Python Program to Build Suffix Array

A suffix array is a sorted array of all suffixes of a string. It is widely used in advanced string processing and searching algorithms.

Suffix arrays are memory-efficient alternatives to suffix trees and are used in many real-world applications.

1. Understanding the Problem

Given a string, construct its suffix array (sorted indices of suffixes).

Input: banana
Suffixes: banana, anana, nana, ana, na, a
Sorted: a, ana, anana, banana, na, nana
Output: [5, 3, 1, 0, 4, 2]

2. Method 1: Naive Approach

Python
Simple sorting
def build_suffix_array(s):
    suffixes = [(s[i:], i) for i in range(len(s))]
    suffixes.sort()
    return [index for (suffix, index) in suffixes]

print(build_suffix_array("banana"))

This method generates all suffixes and sorts them directly.

3. Method 2: Using Sorted Indices

Python
Sort indices by suffix
def suffix_array(s):
    return sorted(range(len(s)), key=lambda i: s[i:])

print(suffix_array("banana"))

This method avoids storing full suffix strings explicitly.

4. Method 3: Using Function

Python
Reusable function
def get_suffix_array(text):
    suffixes = []
    for i in range(len(text)):
        suffixes.append((text[i:], i))
    suffixes.sort()
    return [i[1] for i in suffixes]

print(get_suffix_array("abracadabra"))

Encapsulates logic into a reusable function.

5. Method 4: Build LCP Array

Python
Longest Common Prefix
def build_lcp(s, sa):
    n = len(s)
    lcp = [0] * n
    
    for i in range(1, n):
        l = 0
        x, y = sa[i], sa[i-1]
        while x + l < n and y + l < n and s[x+l] == s[y+l]:
            l += 1
        lcp[i] = l
    
    return lcp

s = "banana"
sa = sorted(range(len(s)), key=lambda i: s[i:])
print(build_lcp(s, sa))

LCP array helps in many advanced string algorithms.

6. Method 5: Handling Edge Cases

Python
Edge cases
s = input().strip()

if not s:
    print([])
elif len(s) == 1:
    print([0])
else:
    print(sorted(range(len(s)), key=lambda i: s[i:]))

Handles empty and single-character strings safely.

7. Algorithm

1. Generate all suffixes of string.

2. Sort suffixes lexicographically.

3. Store starting indices.

4. Return suffix array.

8. Common Mistakes

1. Confusing suffix array with suffix tree.

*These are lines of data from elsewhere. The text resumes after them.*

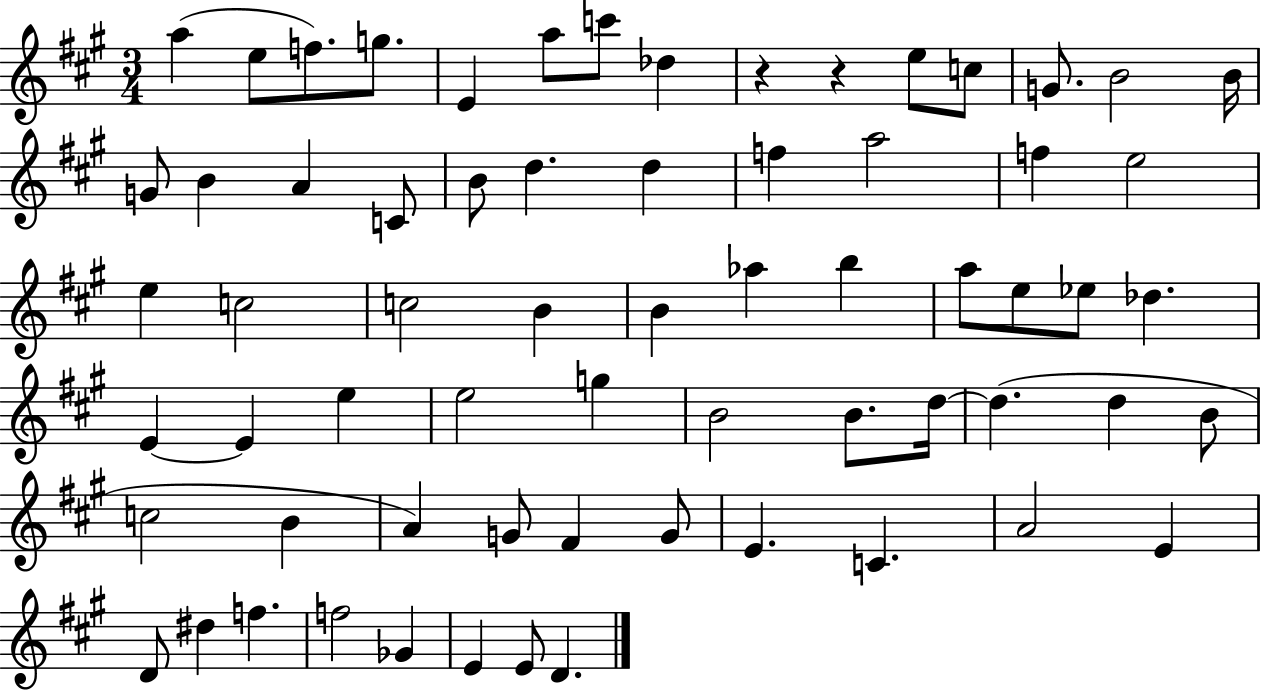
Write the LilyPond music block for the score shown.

{
  \clef treble
  \numericTimeSignature
  \time 3/4
  \key a \major
  a''4( e''8 f''8.) g''8. | e'4 a''8 c'''8 des''4 | r4 r4 e''8 c''8 | g'8. b'2 b'16 | \break g'8 b'4 a'4 c'8 | b'8 d''4. d''4 | f''4 a''2 | f''4 e''2 | \break e''4 c''2 | c''2 b'4 | b'4 aes''4 b''4 | a''8 e''8 ees''8 des''4. | \break e'4~~ e'4 e''4 | e''2 g''4 | b'2 b'8. d''16~~ | d''4.( d''4 b'8 | \break c''2 b'4 | a'4) g'8 fis'4 g'8 | e'4. c'4. | a'2 e'4 | \break d'8 dis''4 f''4. | f''2 ges'4 | e'4 e'8 d'4. | \bar "|."
}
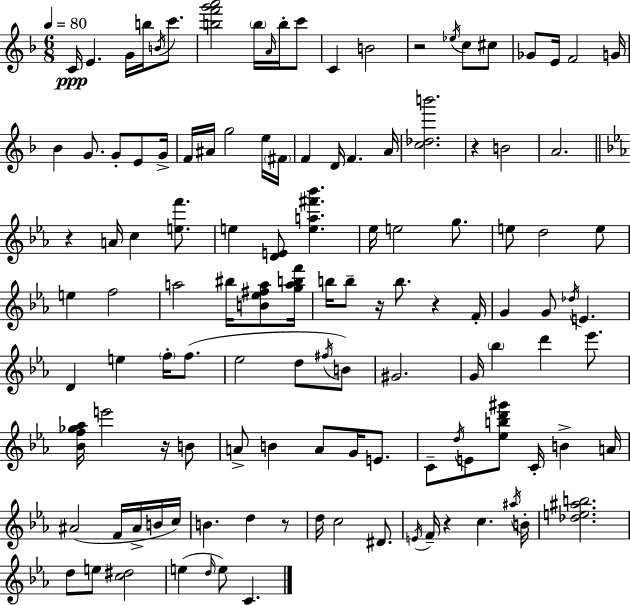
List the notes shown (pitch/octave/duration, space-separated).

2. High memory usage in naive method.

3. Incorrect sorting logic.

4. Ignoring edge cases.

9. Applications

1. Fast substring search.

2. Data compression (Burrows-Wheeler Transform).

3. Bioinformatics (DNA matching).

4. Pattern matching algorithms.

Conclusion

Suffix arrays are powerful tools for solving advanced string problems efficiently.

Although the naive approach is simple, optimized methods are preferred for large-scale applications.